America’s new-car buyers are digging in for the long haul – literally – as more shoppers opt for 84-month loans to manage monthly payments in an increasingly expensive market. And that began even before the recent Trump Admin. tariffs, which analysts predict could raise car prices by $5,000 to $15,000, depending on model and brand.
Of course, no one knows how the auto finance market will change as the tariffs evolve. But even pre-tariff, Edmunds’ latest auto finance data shows nearly one in five new-vehicle buyers (19.8%) committed to a seven-year loan in the first quarter of 2025 – a record high. And although dealers experienced a pre-tariff surge in sales, higher vehicle prices will likely result in higher loan amounts for consumers who need financing.
“A few things are happening right now that lead you to think that people have to finance more,” Jessica Caldwell, Edmunds’ head of insights, tells WardsAuto. “It’s not only the 84-month loan terms, but it’s also just the sheer amount people are financing … over $1,000 a month for a car payment.”
For dealers, the data points to a buyer pool already under significant affordability pressure, even before tariffs hit.
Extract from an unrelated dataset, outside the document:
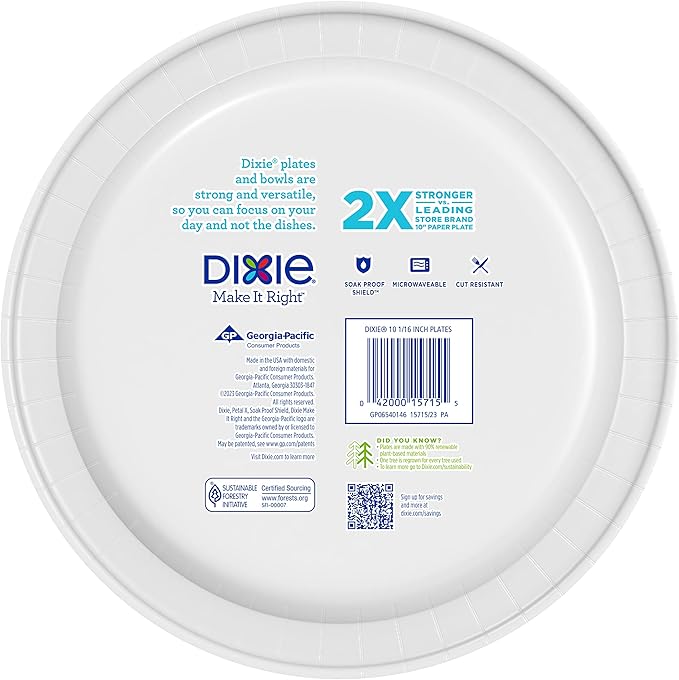 Dixie Large Paper Plates, 10 Inch, 2X Stronger*, Microwave-Safe, Soak-Proof, Cut Resistant, Disposable Plates for Everyday Breakfast, Lunch, & Dinner Meals, 54 Count (Pack of 2)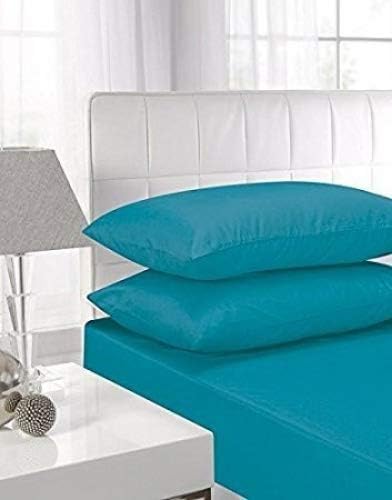 NIYS Luxury Bedding Finest 100% Egyptian Cotton 16" 40CM Extra deep Fitted Sheets 15 Colours Single Double King Super King (Teal, Double)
Interest rates may hold relatively steady, but shoppers are still maxing out budgets.
“The auto finance market showed signs of steadiness in Q1, but that stability doesn’t mean affordability has improved,” says Caldwell. “When one in five new-car buyers are taking on seven-year loans, it’s clear how many consumers are still financially stretched.”
Even buyers who qualify for shorter loans are pushing boundaries: the monthly payments of $1,000 or more, which Caldwell mentions, remain historically high.
Edmunds reports 17.7% of new-car buyers had four-figure payments in Q1 2025, a slight dip from Q4 2024’s 18.9% but virtually unchanged from a year ago. Meanwhile, average loan amounts remain above $40,000, and 0% financing offers – once a common incentive – have all but disappeared. In Q1 2025, just 1% of loans offered zero interest, Caldwell says.
There is a potential silver lining for some franchisees as manufacturers step up to ease affordability issues.
“What we’re seeing right now is this offer for employee pricing. Ford and Stellantis have say they are starting to offer employee pricing on their vehicles,” Caldwell says. “While we think their prices are going up, and I think ultimately they will go up, we may see some of these incentive programs in the short term.”
Although ad campaigns, such as Ford’s “From America, For America,” are aimed at showing patriotism, Caldwell says the push may also reflect a move to reduce excess inventory.
“This has a lot of inventory, so I could see the money to clear it out,” she says. “We don’t know how long the tariffs will (last). If they last the rest of the duration of Trump’s presidency, I imagine they don’t have enough inventory for that.”
It’s also a strategic opportunity.
“It’s an interesting move. I mean, they’re definitely getting mileage out of it. It’s a compound effect. Employee pricing is one thing, but then now you’re doing it timed to the tariffs. They’re trying to jump on the goodwill.”
But volatility, such as how tariffs impact various manufacturers and models, could bring logistical headaches for dealers.
Caldwell believes a larger issue will revolve around the acquisition of used vehicles, as well as additional time needed to recondition those vehicles when replacement parts are more expensive and scarcer due to tariffs.
“And if the tariffs are canceled in a month, after a dealer just bought a very expensive trade-in thinking that used values will go up ... that will cost them thousands,” she says.